Going back to the original Performance Page, I press the Run ADDM Report button to generate an ADDM report against recent activity. Taking a look at the resulting report I can see the two period in which I'd been running my tests (just before 5pm, and just after 7pm), and within the ADDM Performance Analysis section I can see, ordered by priority, the issues that I should take a look at.

The topmost issue is "Top Segments by I/O", and if I click on the Finding link I see that my SH_COPY.SALES table is highlighted, with 19 full table scans recorded against it whereas I'd normally expect this to be accessed via bitmap indexes and a star transformation. So there's another clue then.

If I saw this coming up on a tuning report probably the first thing I would do is to try and see if I could access this segment (table) more efficiently, potentially creating some indexes, some materialized views to provide faster access to table aggregations, or partitioning the table so that full table scans only need to access portions of the table. Unfortunately the Segment Advisor that's available on the same page just recommends that I shrink the table to free up some space, I guess again this points to advisors such as these being more there to help automate the gathering of diagnostic data rather than going off an making the changes themselves. Anyway, back to the Performance page, and this time I'm going to run three sessions in parallel, all running SELECTs against the same tables.
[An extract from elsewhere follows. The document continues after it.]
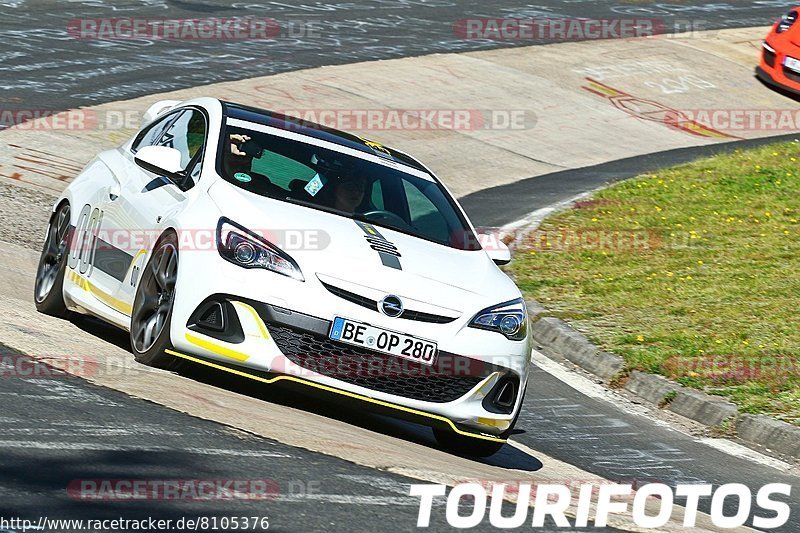 Bild #8105376 - Touristenfahrten Nürburgring Nordschleife (15.09.2019)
From looking at the Active Average Session chart now, you can see the activity is now much greater than before, because I'm running three sessions in parallel (the fan on my laptop is whirring, as well). Now one thing I'm not sure about is the Maximum CPU line on this graph, it would seem to indicate that my concurrent processes are requiring around 2.5 CPUs to run as against the 1 that I've actually got available; also looking at the host chart above I can see that I'm maxing the CPU out at around 100%, which would be logical.

Scrolling down, there is another section with another set of reports, one of which tells DBConsole to display a Top Activity report (top SQL statement), another lists out blockers, and other one lets me create an SQL Tuning Set.

Now as the problem I'm hitting is probably more down to a lack of indexes and summaries in my schema, no amount of SQL tuning is going to fix it and therefore it's probably time to (a) create an SQL Tuning Set and (b) use the SQL Access Advisor to recommend some indexes and MVs. To do this I click on the SQL Tuning Sets link and create a tuning set based on the activity captures in the Automatic Workload Repository (AWR), the same workload that my previous reports and graphs have been based on.

I can now take this SQL Tuning Set and run the SQL Access Advisor. Taking a look at the recommendation overview, it certainly looks like what it's going to propose will make a fair bit of difference.

I therefore schedule the recommendations to be run immediately, let the indexes and materialized views be created, and then run the workload again. This time, although the CPU seems to be fairly saturated as I'm running three sessions on a single CPU virtual machine, the waits around disk I/O have gone down, which is probably due to the materialized views that have been created, and what's more the whole set of SQL took a lot less time to run, again because of the indexes and MVs.

So, there's a typical data warehouse tuning session using the various advisors in DBConsole 11g. Of course all of these advisors require you to license the Tuning and Diagnostic Pack for the Enterprise Edition of 11g, so you can't legally use ADDM, AWR and ASH or these advisors unless you've got the relevant license. If you have though, it's quite a neat and interactive way to start tuning the queries and data structures in your database.